On January 27th, the Polish government announced that their constitutional court’s decision to further restrict abortion was finally going into effect after months of delay due to opposition protests last fall. The October ruling declared that a 1993 law, which legalized abortions in cases of fetal abnormalities, is unconstitutional since “an unborn child is a human being” and is therefore entitled to the right to life guaranteed by the Polish constitution. The nation’s ruling Law and Justice party firmly supported the decision. MP Bartłomiej Wróblewski explained that “The right to life is fundamental, because without life, no other human rights have meaning.”

Sadly, staunch opposition to the core human right to life was on full display after the government’s decision. Pro-abortion protestors demonstrated raucously throughout Poland’s major cities. Chants of “abortion on demand” were heard while signs were held up that bizarrely claimed “My government is killing me” and This is war.” One opponent of the pro-life ruling told reporters that the ongoing struggle is “essentially a fight for our rights and our lives.”

In response, Prime Minister Mateusz Morawiecki declared: “In order to have the freedom of choice you first must be alive” while condemning the demonstrations that were rife with “aggression, vandalism, [and] attacks.” Thankfully, Morawiecki and his government have stood strong against pro-abortion forces and have won a tremendous victory for life in Poland. Now, the justification used for 98% of the country’s abortions in 2019 is no longer valid.

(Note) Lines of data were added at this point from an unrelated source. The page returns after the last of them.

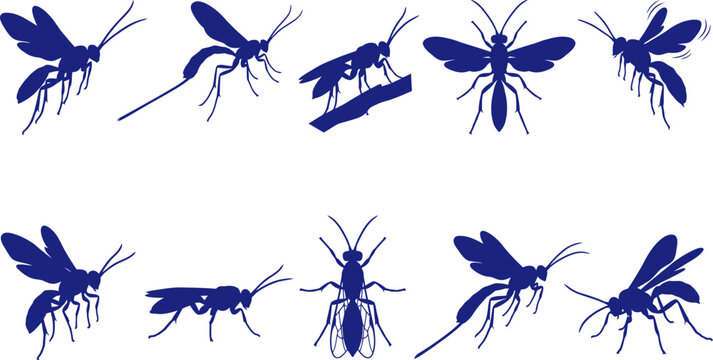 vector can editable Parasitoid elegance ichneumon wasp silhouettes highlighting anatomical detail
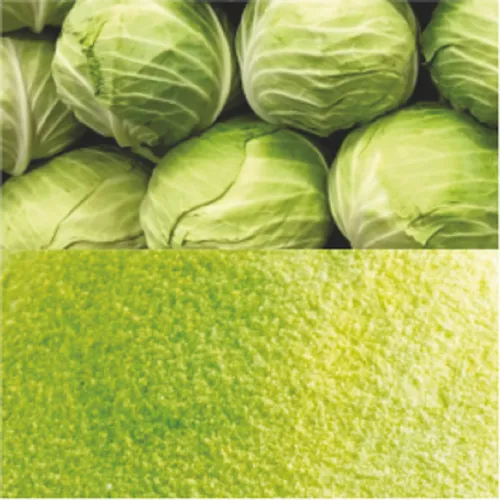 Common Cabbage Powder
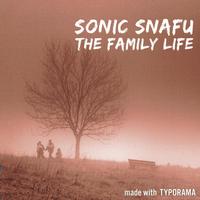 Sonic Snafu photo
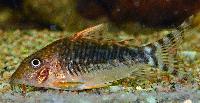 <i>Corydoras seussi</i>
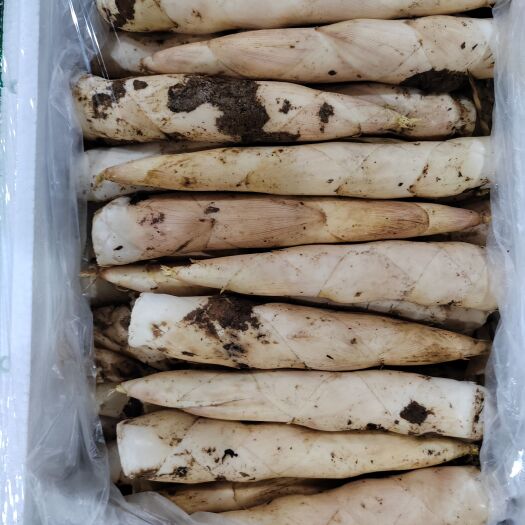 杭州春笋，各种规格，各个产地应有尽有。货源充足稳定，有规模才有品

Even prior to this decision, Polish pro-life activists had established a long track record of success (especially by European standards) as the heavily Catholic nation already possessed among the most favorable legislation on the continent for the unborn. In fact, the only EU member-state to have stricter abortion laws is the small Mediterranean island-country of Malta.

Unsurprisingly, EU officials are furious about this decision, as Poland continues to oppose the EU’s radical social agenda. Brussels strongly condemned the verdict and declared that access to abortion is an “essential aspect of women’s reproductive healthcare” while asserting that the ruling is evident of a “systemic collapse of the rule of law in Poland.” Those wondering how the EU parliament could have the audacity to make this nonsensical claim against a member state should remember that a legal decision seems to only be considered legitimate when the promoters of far-left social policy get their way.

Similarly, former Polish Prime Minister and EU Council President Donald Tusk, who now leads the powerful European People’s Party, declared the need to restore “democratic order” in Poland and “save democracy from Law & Justice”.  Of course, his words imply that it is not democracy when the other side wins. In light of Tusk’s stunning comments, it should be noted that the socially conservative ruling party won both the EU and Polish parliamentary elections in 2019 by a comfortable margin and was victorious in the Presidential election just last year. Undoubtedly, Law and Justice has a mandate and responsibility to defend traditional values and the pro-life cause in particular. 

Overall, the constitutional court’s ruling and the government’s implementation of the decision are both courageous moves in defense of the unborn and this should be celebrated as a major victory for life on a continent which has extremely permissive abortion laws. Yet, there are formidable obstacles ahead for the Polish pro-life movement and the ruling government as they must remain steadfast in the face of growing pressure from Brussels and domestic opposition.